Pump Me Up!
Last Thursday I had the opportunity to join a visiting group of students from MICA’s curatorial graduate program on a tour led by the curator of Pump Me Up, Roger Gastman. He tailored his discussion to the collection and display of objects, describing the process, success, and failures of mounting a show involving pop and cultural ephemera in an established fine art museum. He mentioned a few times how Sarah Newman, curator of contemporary art at the Corcoran, insisted that he include original, “real art,”from established artists who had been shown in museums before, and not just Go-Go posters and record covers. While the exhibit contained a mixture of media, the “real art”was unfortunately mainly photographs. There were a couple of reproductions of street art fabricated by local artists based off of archival photographs that Gastman had researched.
Tucked away down a short hallway leading to administrative offices were a couple of jackets on loan from the artists’ families, along with some of their other personal objects. Sadly, I feel that the context Gastman wished to provide through displaying those pieces were most likely overlooked by most visitors as it was rather tucked away. On the other hand, common street signs and posted lined the hallway to the restrooms and were clearly visible from the atrium. Gastman even mentioned his delight at seeing visitors spend so much time taking in all of the artifacts in the hallway.
I personally appreciated the personal sketchbooks located hallway along the timeline.
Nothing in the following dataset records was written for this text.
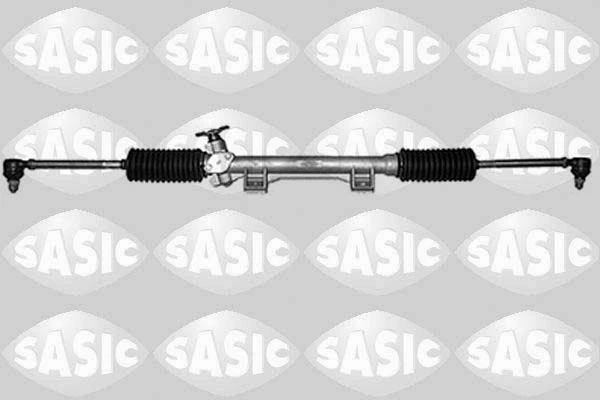 SASIC 0024824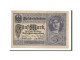 Billet, Allemagne, 5 Mark, 1917, 1917-08-01, KM:56b, SUP - 5 Mark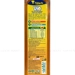 https://www.lottemart.vn/media/catalog/product/cache/75x75/8/9/8936035101806-3.jpg.webp
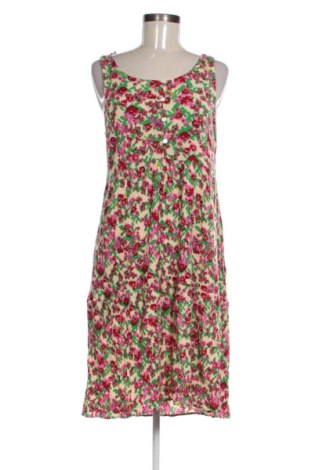 Kleid Ichi, Größe S, Farbe Mehrfarbig, Preis € 32,99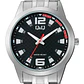 Reloj Q&Q C00A-015PY - Miniatura 2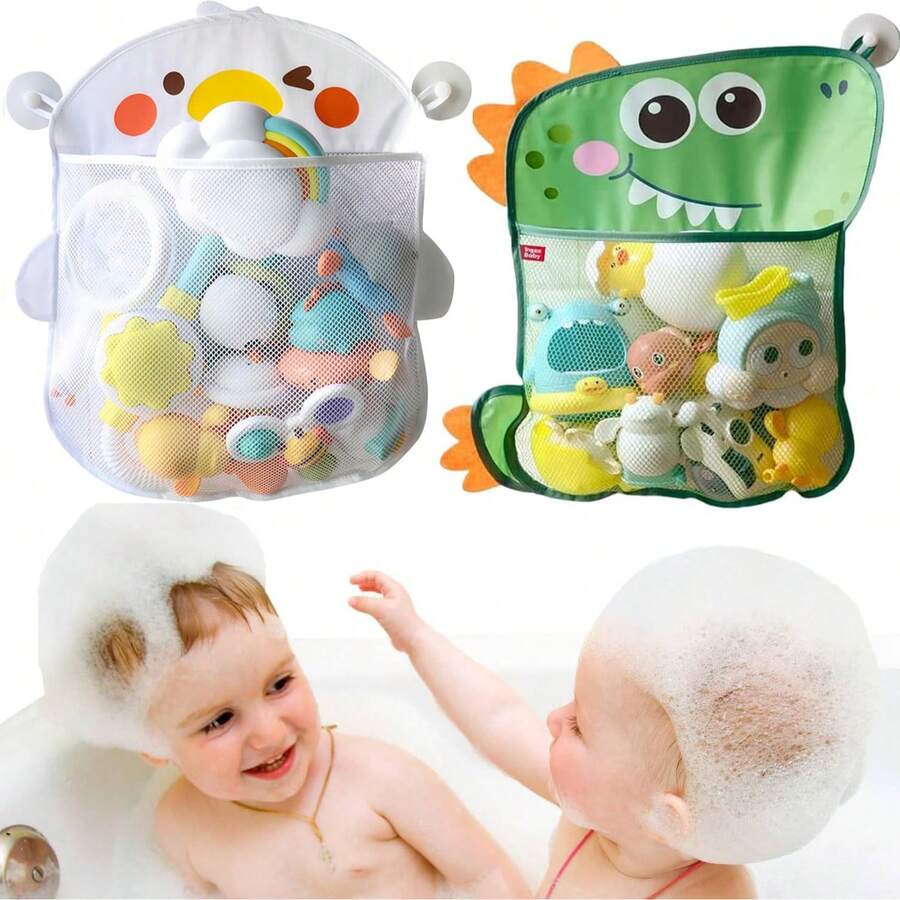 Mainan Mandi Bayi Lainnya
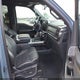 1FTFW1E83PFB91269 2023 Ford F-150 Platinum auction photo thumbnail 5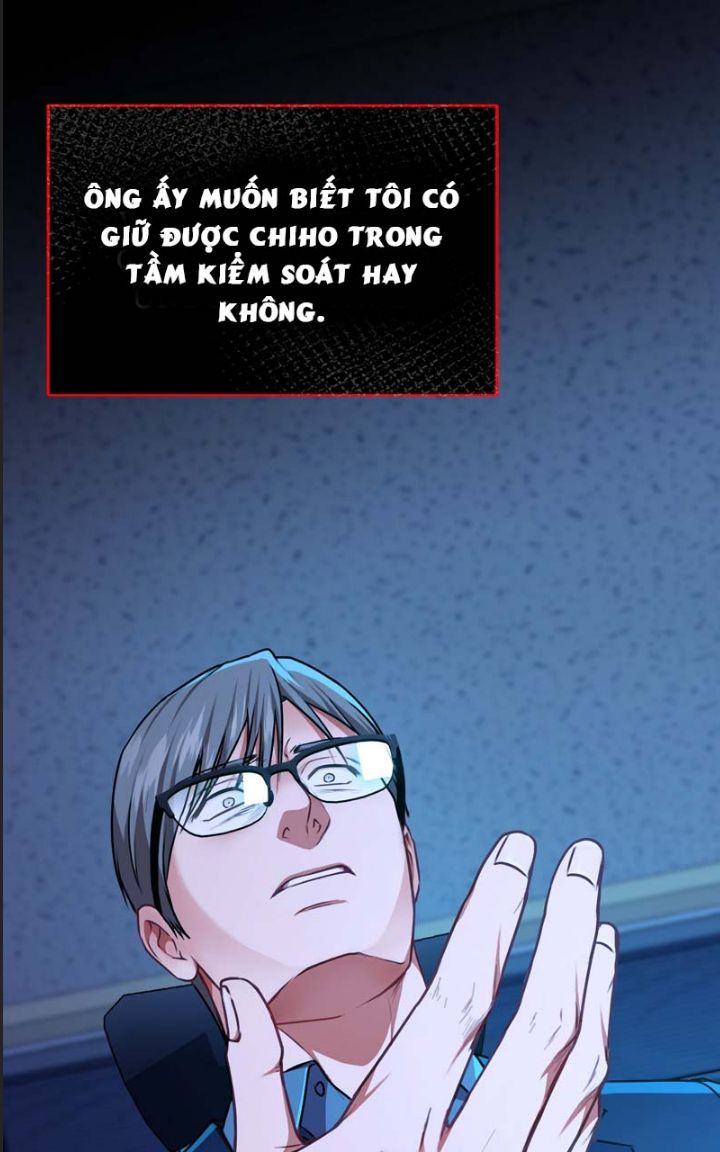 Chương 67 - Trang 68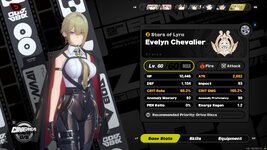 evelyn1.jpg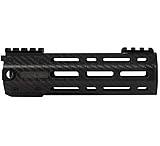 Image of Lancer Systems LCH5 Gen2 Carbon Fiber Handguard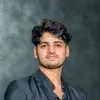 Abhiram Gowda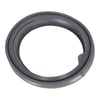 Hotpoint Washing Machine Door Seal - Image 8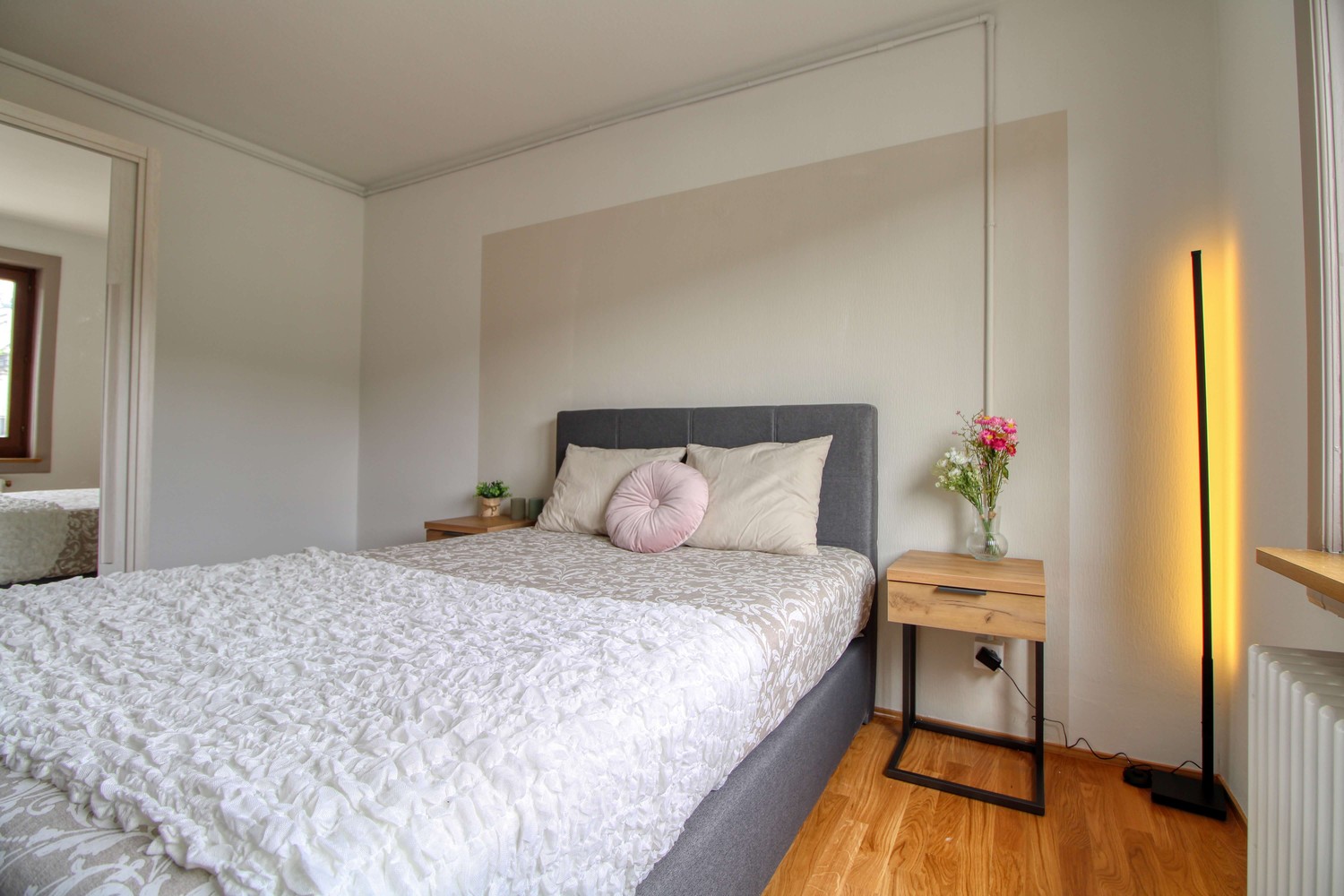 Room in a shared flat, photo 4 of 10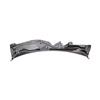 2018-23 Mustang Cowl Vent Cover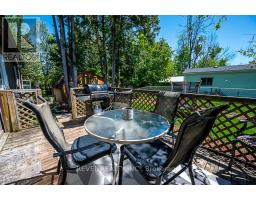 64 Otter Line, Kawartha Lakes, ON K9V0K1 Photo 27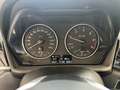 BMW X1 xDrive18d, LED, Navi, Memory Schwarz - thumbnail 18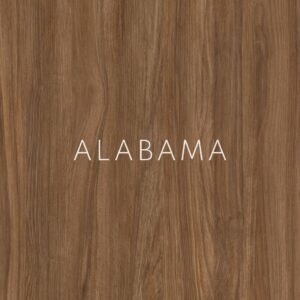 Alabama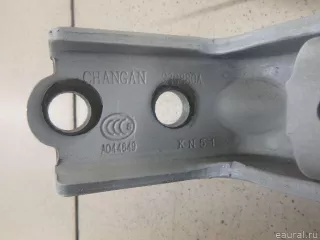 S2010772500 Changan Петля двери Changan CS 35 Арт E95639991, вид 7
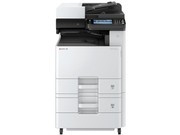  ECOSYS MZ3000cidn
Done by Corcoran students, they were later incorporated into cover designs by DC bands at the time, including Minor Threat.
The most intriguing design element was the use of the bright Go-Go posters in the rotunda, encircling visitors with their neon chunky text and bold layouts. This is where our tour ended and where Gastman sadly mentioned the negative review the exhibit received from City Paper. I was rather surprised as they were the media sponsor of both the exhibition and Gastman’s new documentary. As he mentioned throughout the tour, the toughest part of curating a show is striking a balance of objects and story and not being able to show everything you want based of space, timing and expense. He felt they unjustly focused on the missing elements, details he insisted he either couldn’t fit in or didn’t feel they were as important as the objects he did select.
I did feel as though the show was erring a little on the promotional side of things with the release of his new documentary on “Cool”Disco Dan and the emphasis given to him within the exhibit as well. Curatorial prerogative, I suppose.